**Provided data:**

☆ ☆ ☆ ☆

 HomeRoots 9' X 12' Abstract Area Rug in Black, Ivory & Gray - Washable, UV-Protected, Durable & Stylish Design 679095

☆ ☆ ☆ ☆

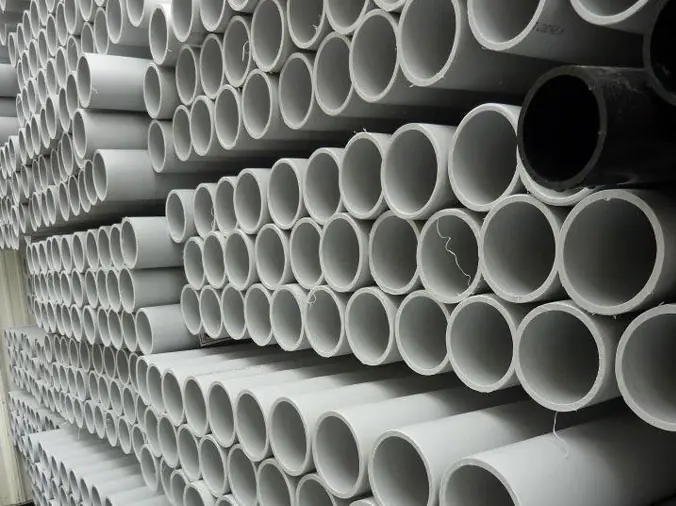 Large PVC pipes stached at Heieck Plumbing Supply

☆ ☆ ☆ ☆

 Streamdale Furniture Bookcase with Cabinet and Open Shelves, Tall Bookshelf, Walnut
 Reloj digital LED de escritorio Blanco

☆ ☆ ☆ ☆

**Problem requirements:** Above are the records; copy exactly the lines from the line with "Streamdale Furniture Bookcase" through the line with "Reloj digital LED de escritorio Blanco", both included.

**Written solution:**
 Streamdale Furniture Bookcase with Cabinet and Open Shelves, Tall Bookshelf, Walnut
 Reloj digital LED de escritorio Blanco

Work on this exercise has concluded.